__Problem requirements__
Pictures don't belong in the copy; print all the records exactly.

Captioned web images:
========

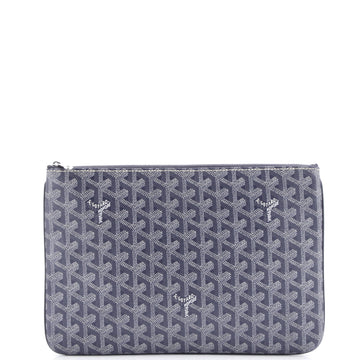Goyard Senat Zip Pouch Coated Canvas MM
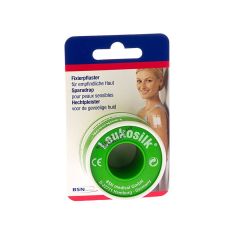 LEUKOSILK DEKSEL KLEEFPLEIST. 2,50CMX5M 1 0102200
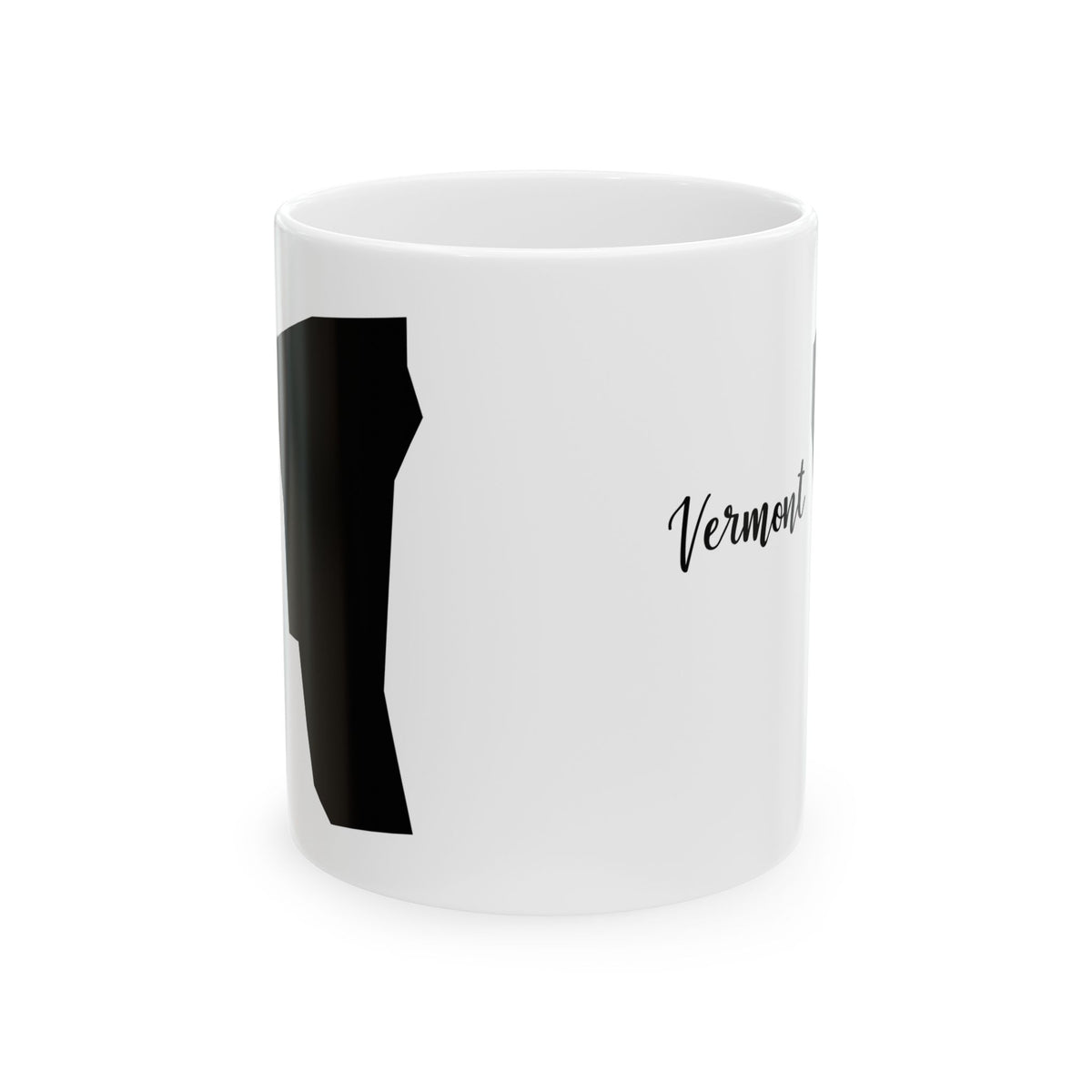 Vermont State Silhouette Ceramic Mug – 11oz    Item #85481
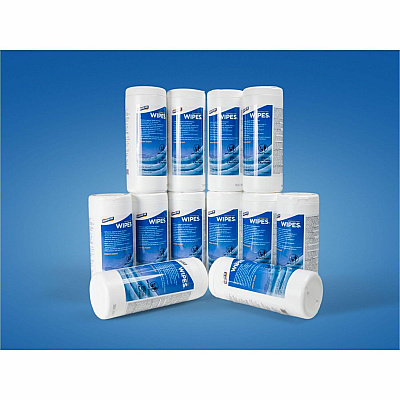 Genuine Joe Broad-Spectrum Disinfectant Wipes (45400)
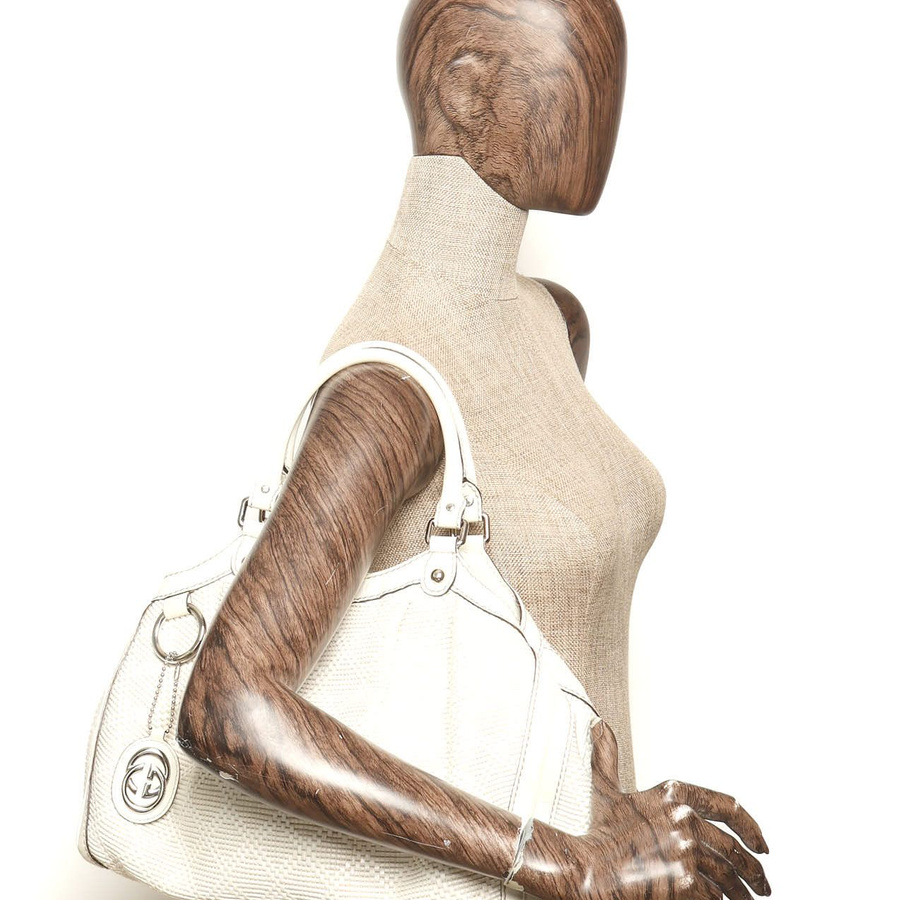 Gucci Woven Guccissima Sukey Tote Bag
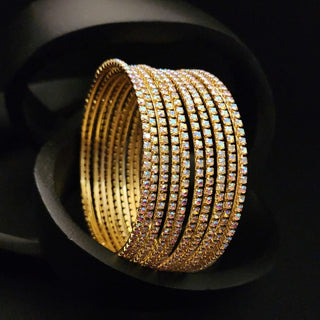 Maisy Gold Bangles (Set of 10) (2.4, 2.6, 2.8)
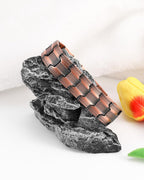Feraco Magnetic Bracelet for Men | 3-Row Neodymium Magnets

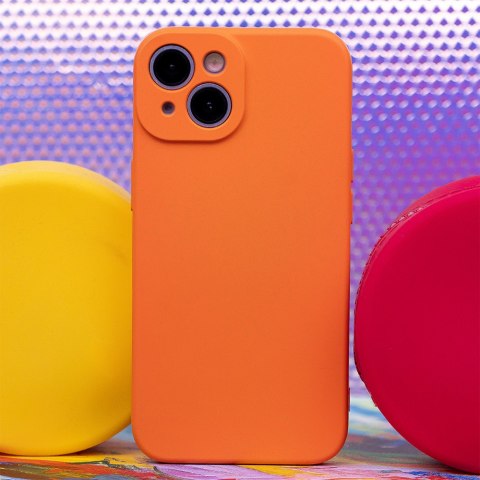 Nakładka Silicon do iPhone 15 Pro Max 6,7" pomarańczowy Nakładka Silicon do iPhone 15 Pro Max 6,7" pomarańczowy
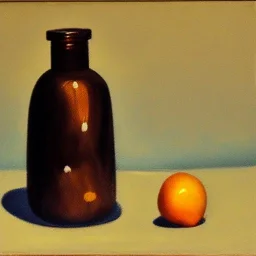 still life bottle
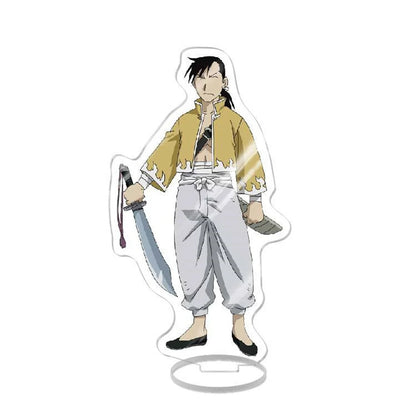 NEW Anime Fullmetal Alchemist Acrylic Stands Model Figure, Multiple Variations of Anime Acrylic Style Figurines 15 cm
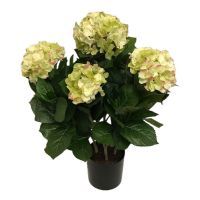 salg af Kunstig lime hortensia, 55 cm. - kunstige blomster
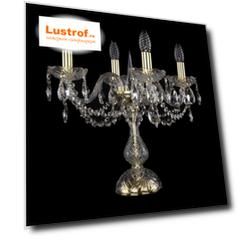 1402L/4/141-39/G Настольная лампа Bohemia Ivele Crystal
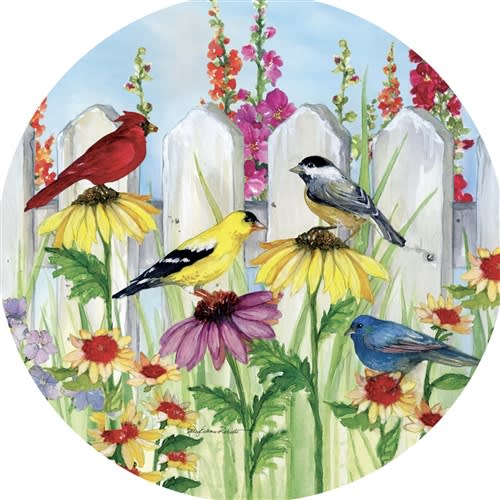 Songbird Fence  6" Accent Magnet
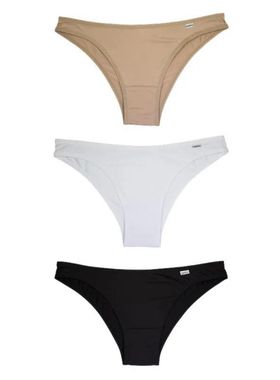 KIT/3 CALCINHA DELRIO 52509 TANGA MICROFIBRA T. P/GG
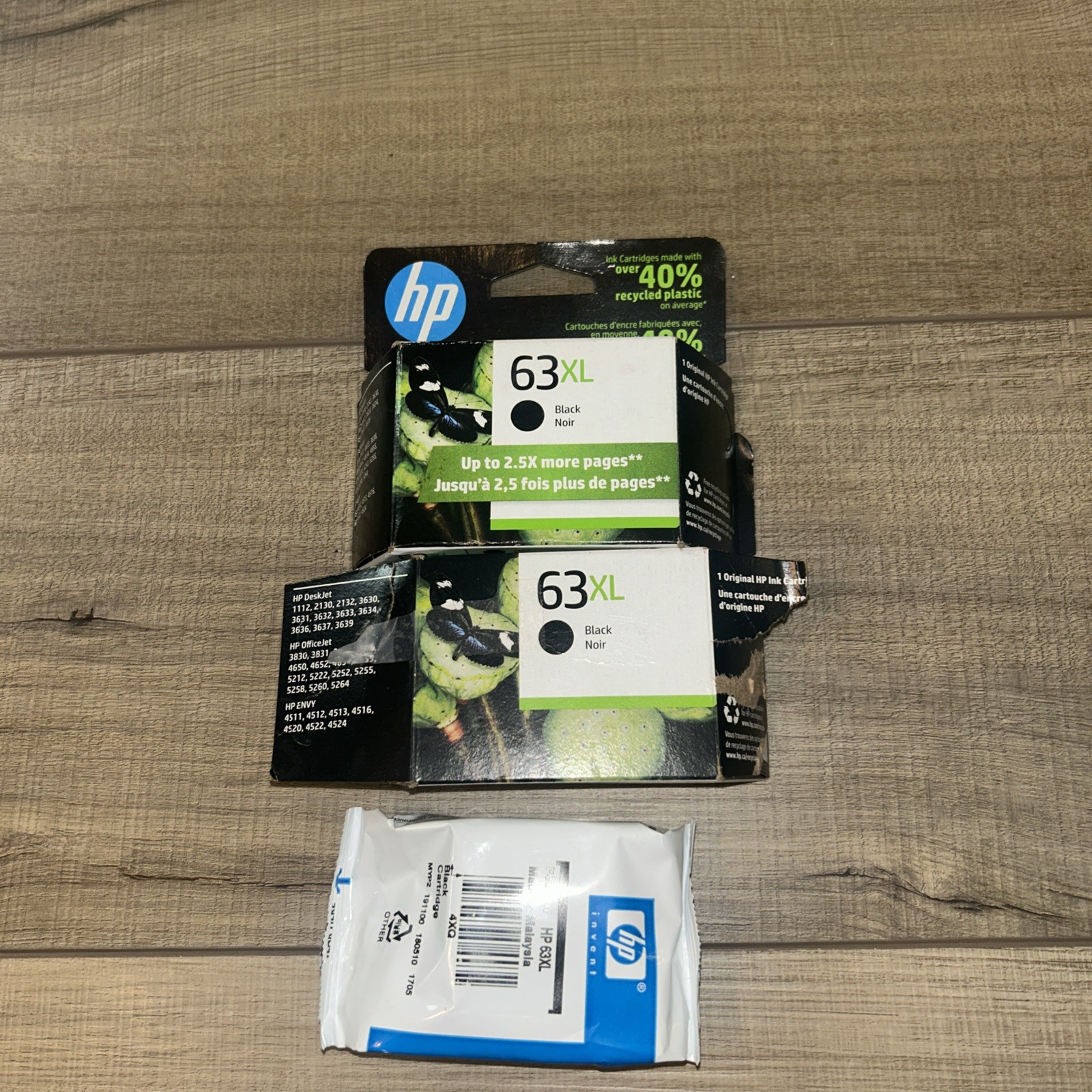HP 63XL High Yield Black Ink Cartridge F6U64AN Printer Office 2 Genuine
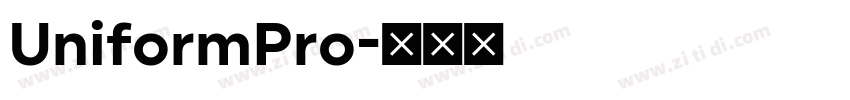 UniformPro字体转换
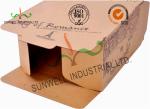400G Kraft Pape Birthday Cake Food Packaging Boxes With Handle CMYK Printing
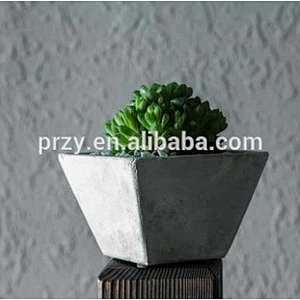 S1811 PRZY Trapezoidal shape concrete silicone molds silicone planter mold silicone vase molds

========

__Exercise result__
Goyard Senat Zip Pouch Coated Canvas MM
 LEUKOSILK DEKSEL KLEEFPLEIST. 2,50CMX5M 1 0102200
 Vermont State Silhouette Ceramic Mug – 11oz    Item #85481
 Genuine Joe Broad-Spectrum Disinfectant Wipes (45400)
 Gucci Woven Guccissima Sukey Tote Bag
 Maisy Gold Bangles (Set of 10) (2.4, 2.6, 2.8)
Feraco Magnetic Bracelet for Men | 3-Row Neodymium Magnets

 Nakładka Silicon do iPhone 15 Pro Max 6,7" pomarańczowy Nakładka Silicon do iPhone 15 Pro Max 6,7" pomarańczowy
 still life bottle
 NEW Anime Fullmetal Alchemist Acrylic Stands Model Figure, Multiple Variations of Anime Acrylic Style Figurines 15 cm
 salg af Kunstig lime hortensia, 55 cm. - kunstige blomster
 1402L/4/141-39/G Настольная лампа Bohemia Ivele Crystal
 Songbird Fence  6" Accent Magnet
 KIT/3 CALCINHA DELRIO 52509 TANGA MICROFIBRA T. P/GG
HP 63XL High Yield Black Ink Cartridge F6U64AN Printer Office 2 Genuine
 UniformPro字体转换
400G Kraft Pape Birthday Cake Food Packaging Boxes With Handle CMYK Printing
 S1811 PRZY Trapezoidal shape concrete silicone molds silicone planter mold silicone vase molds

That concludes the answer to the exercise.